• [Instructions to follow]:
Please print the entries below exactly, from the line with "businessman points man" through the line with "CTW76 15.5 inches", including both of those lines and leaving out all others.

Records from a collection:
:::::

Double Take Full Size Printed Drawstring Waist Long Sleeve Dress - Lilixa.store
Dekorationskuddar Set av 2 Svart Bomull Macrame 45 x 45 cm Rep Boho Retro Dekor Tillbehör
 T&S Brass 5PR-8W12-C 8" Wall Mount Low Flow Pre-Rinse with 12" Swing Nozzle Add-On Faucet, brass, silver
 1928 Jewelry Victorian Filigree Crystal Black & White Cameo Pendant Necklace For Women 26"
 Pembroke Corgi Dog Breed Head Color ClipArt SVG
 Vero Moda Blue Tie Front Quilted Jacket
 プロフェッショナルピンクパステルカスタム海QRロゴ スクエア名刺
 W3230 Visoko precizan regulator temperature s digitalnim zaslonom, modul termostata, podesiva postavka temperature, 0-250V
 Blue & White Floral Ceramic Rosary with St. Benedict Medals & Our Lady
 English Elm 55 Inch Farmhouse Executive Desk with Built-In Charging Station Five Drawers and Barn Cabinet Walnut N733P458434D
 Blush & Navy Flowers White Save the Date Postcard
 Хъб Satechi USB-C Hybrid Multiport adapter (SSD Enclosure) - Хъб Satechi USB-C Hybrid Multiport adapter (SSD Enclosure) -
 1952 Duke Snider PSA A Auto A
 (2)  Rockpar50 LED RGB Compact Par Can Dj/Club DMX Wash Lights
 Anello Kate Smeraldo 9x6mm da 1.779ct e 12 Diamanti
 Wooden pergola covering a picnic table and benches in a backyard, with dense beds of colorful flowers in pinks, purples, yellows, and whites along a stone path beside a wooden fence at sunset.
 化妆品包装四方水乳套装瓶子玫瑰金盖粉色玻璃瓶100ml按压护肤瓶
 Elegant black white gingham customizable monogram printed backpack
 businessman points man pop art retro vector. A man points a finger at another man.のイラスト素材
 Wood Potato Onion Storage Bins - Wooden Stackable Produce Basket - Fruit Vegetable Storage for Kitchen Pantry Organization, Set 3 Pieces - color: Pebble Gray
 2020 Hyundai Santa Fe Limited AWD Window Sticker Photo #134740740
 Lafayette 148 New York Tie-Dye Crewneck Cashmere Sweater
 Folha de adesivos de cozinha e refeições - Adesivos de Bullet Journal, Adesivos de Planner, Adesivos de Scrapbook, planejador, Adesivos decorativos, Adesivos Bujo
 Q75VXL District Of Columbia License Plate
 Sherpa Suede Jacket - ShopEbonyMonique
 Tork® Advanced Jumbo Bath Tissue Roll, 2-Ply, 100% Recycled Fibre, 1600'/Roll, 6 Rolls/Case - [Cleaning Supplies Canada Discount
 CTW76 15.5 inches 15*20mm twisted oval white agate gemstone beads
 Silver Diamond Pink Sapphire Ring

:::::

• [Response to this task]:
 businessman points man pop art retro vector. A man points a finger at another man.のイラスト素材
 Wood Potato Onion Storage Bins - Wooden Stackable Produce Basket - Fruit Vegetable Storage for Kitchen Pantry Organization, Set 3 Pieces - color: Pebble Gray
 2020 Hyundai Santa Fe Limited AWD Window Sticker Photo #134740740
 Lafayette 148 New York Tie-Dye Crewneck Cashmere Sweater
 Folha de adesivos de cozinha e refeições - Adesivos de Bullet Journal, Adesivos de Planner, Adesivos de Scrapbook, planejador, Adesivos decorativos, Adesivos Bujo
 Q75VXL District Of Columbia License Plate
 Sherpa Suede Jacket - ShopEbonyMonique
 Tork® Advanced Jumbo Bath Tissue Roll, 2-Ply, 100% Recycled Fibre, 1600'/Roll, 6 Rolls/Case - [Cleaning Supplies Canada Discount
 CTW76 15.5 inches 15*20mm twisted oval white agate gemstone beads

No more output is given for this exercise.